Re: [tied] Oddity of English

From: Andrew Jarrette
Message: 41429
Date: 2005-10-14



Piotr Gasiorowski <gpiotr@...> wrote:
Brian M. Scott wrote:

> I don't find this at all surprising: in my experience U.S.
> /æ/ is often distinctly higher than [æ], though not so high
> as [E], /E/ is similarly shifted, in some cases as far as
> [I].

Since /æ/ is tensed and lengthened, and develops a centring glide in
many varieties of US English, it may produce a diphthong whose
starting-point is actually as high as [I]. Cf. the anecdotes (quoted by
Labov) on the homophony of <Ann> and <Ian>, etc.

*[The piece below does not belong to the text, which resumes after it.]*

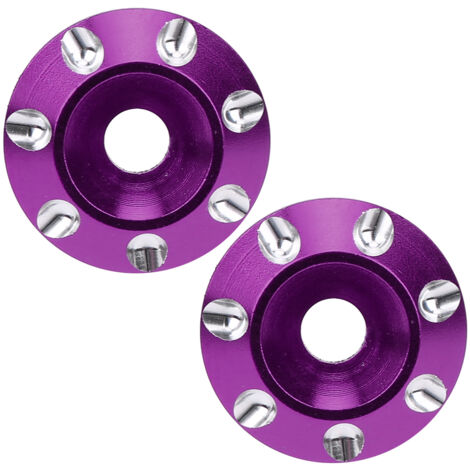2 pièces Joint d'Aileron Arrière Renforcé, Protection Améliorée pour Voitures de Course Tout-Terrain 1/10 1/8 (Violet)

In the Northern Cities
Shift, in particular, tense /æ/ becomes higher than /E/, which instead
of rising undergoes centralisation, so that outsiders mishear <better>
as "butter".

-- I am just wondering why it seems that you didn't read the later parts of my message, where I talk about /ae/ being /E&/ or /I&/ before nasals only in the majority of North American speech, and being /a/ elsewhere in Canada (and being /a/ everywhere in parts of England and Canada), but being a more raised vowel elsewhere in the US.  I believe that many Americans actually have /E/ for "short e" and /E:/ for "short a".  I try to analyze it as instead of opening their mouths fully, they pronounce an easier mid-open vowel, but the original vertically long open mouth becomes transformed into a temporally long vowel, as the distinguishing feature.  But the /a/ or near-/a/ pronunciation is also not uncommon in the US, among educated speakers in California and the West Coast and some central-northeastern areas.  But it seems nowadays that only New Yorkers among Americans preserve /ae/ (almost /a/) before /r/ - everyone else has replaced it with /E/ or more usually /E:/ (and sometimes /Ir/ or /I:r/ or /I&r/), so that "marry" sounds the same as "Mary".  In Canada the US pronunciation has become dominant especially in the east, but in the west and among some both more- and less-educated speakers in the east, one still hears /ar/ or /aer/.  It's all interesting for me, born in Trinidad and Tobago, where there is no /ae/, only pure /a/, and which I hear my parents and relatives say all the time, and which I cling to before nasals and /r/ despite otherwise having a typical educated North American accent, because I find it aesthetically and historically more pleasing.